Italians, Corsicans,
Portuguese1 and Spaniards2
Down in the cellar
All are singing,
As though their voices
Could reach the Middle Sea,3
Live and free!
 
Young bloods, they migrated to America:
Deck hands, waiters, line cooks.
And as this evening darkened into night,
It ignited in them
Such a nostalgic fire!
 
Oh maternal waters!
"They are exhausted now -
All those high cultures
To whom you owe your birth" -
Or so say certain foreigners.
I say every flood recedes
leaving richer earth.4
 
Young bloods, we migrated to America:
Deck hands, waiters, line cooks.
And as this evening darkens into night,5
It ignites in us
Such a nostalgic fire!
 
  • 1. It's interesting that the Portugese are included here.

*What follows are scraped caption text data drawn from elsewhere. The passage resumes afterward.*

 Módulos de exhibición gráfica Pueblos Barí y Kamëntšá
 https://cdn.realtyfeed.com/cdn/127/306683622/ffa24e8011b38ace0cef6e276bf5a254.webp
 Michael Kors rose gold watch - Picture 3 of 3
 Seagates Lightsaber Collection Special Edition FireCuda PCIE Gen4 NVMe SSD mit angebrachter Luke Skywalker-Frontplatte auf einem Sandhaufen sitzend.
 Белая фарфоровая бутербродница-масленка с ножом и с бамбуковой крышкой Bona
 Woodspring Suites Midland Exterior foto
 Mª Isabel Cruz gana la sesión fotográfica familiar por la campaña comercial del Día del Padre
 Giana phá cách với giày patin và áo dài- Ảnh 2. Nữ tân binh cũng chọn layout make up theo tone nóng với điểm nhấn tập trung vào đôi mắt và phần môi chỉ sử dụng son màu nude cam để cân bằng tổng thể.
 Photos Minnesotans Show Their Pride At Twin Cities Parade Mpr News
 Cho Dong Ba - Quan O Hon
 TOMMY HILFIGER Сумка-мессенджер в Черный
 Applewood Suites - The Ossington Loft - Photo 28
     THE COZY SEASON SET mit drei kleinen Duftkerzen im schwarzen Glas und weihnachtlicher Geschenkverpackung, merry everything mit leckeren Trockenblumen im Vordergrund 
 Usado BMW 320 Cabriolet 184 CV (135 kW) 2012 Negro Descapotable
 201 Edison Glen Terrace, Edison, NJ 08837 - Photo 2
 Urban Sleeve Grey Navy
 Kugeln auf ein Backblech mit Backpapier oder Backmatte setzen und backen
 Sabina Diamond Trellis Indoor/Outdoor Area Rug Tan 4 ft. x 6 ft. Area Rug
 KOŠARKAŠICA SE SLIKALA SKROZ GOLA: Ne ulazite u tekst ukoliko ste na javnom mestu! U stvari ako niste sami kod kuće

In a strict geographic sense, Portugal does not border the Mediterranean Sea, although its southernmost region is sometimes marketed as if it does. On the other hand, Portugal is generally included on lists of European countries that have a "Mediterranean character," due to elements of common history, culure, and climate. The lyric here is not misstating Portugal's location. Instead it's saying that Portugese people have a lot in common with those from the other nations the song mentions, specifically that many go abroad to seek jobs.
  • 2. Surprisingly, the Greeks themselves are not mentioned (except by inference in the title) in this catalog of peoples rooted in the Mediterranean who have emigrated to the Americas. The modern Greek diaspora is certainly a very significant group, and one (among others) that this song seems intended to valorize.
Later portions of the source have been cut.